──────── GIVEN ENTRIES ────────

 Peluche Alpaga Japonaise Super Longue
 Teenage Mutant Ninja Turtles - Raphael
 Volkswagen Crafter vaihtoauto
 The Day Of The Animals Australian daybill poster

────────
──────── GIVEN ENTRIES ────────

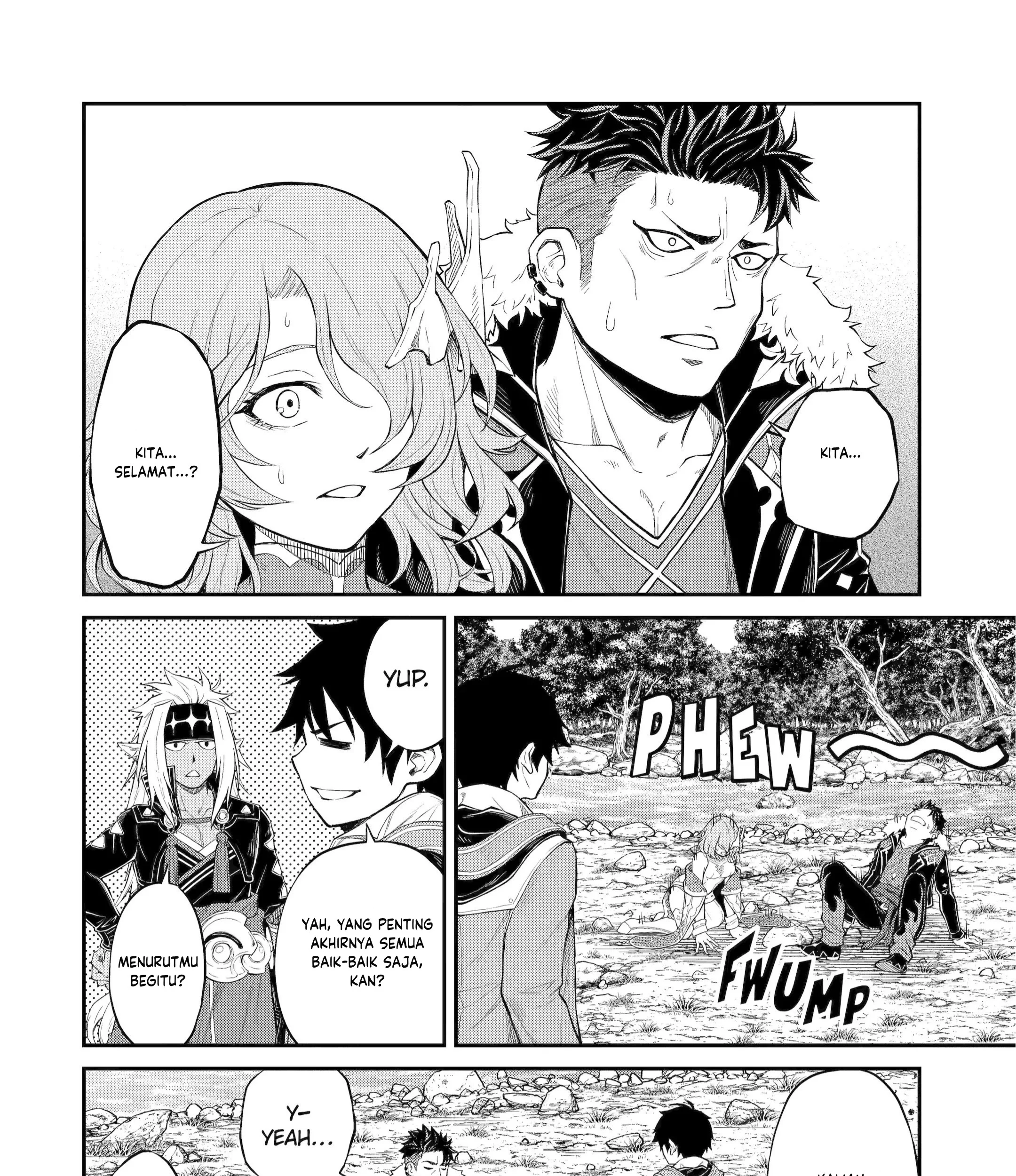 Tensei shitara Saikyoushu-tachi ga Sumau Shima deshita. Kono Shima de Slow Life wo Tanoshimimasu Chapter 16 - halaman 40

────────

* _ASSIGNMENT_
Out of the data above, transcribe exactly and only the lines starting with the line that has "Peluche Alpaga Japonaise Super Longue" and going on through the line that has "The Day Of The", both included.

* _TASK RESPONSE_
 Peluche Alpaga Japonaise Super Longue
 Teenage Mutant Ninja Turtles - Raphael
 Volkswagen Crafter vaihtoauto
 The Day Of The Animals Australian daybill poster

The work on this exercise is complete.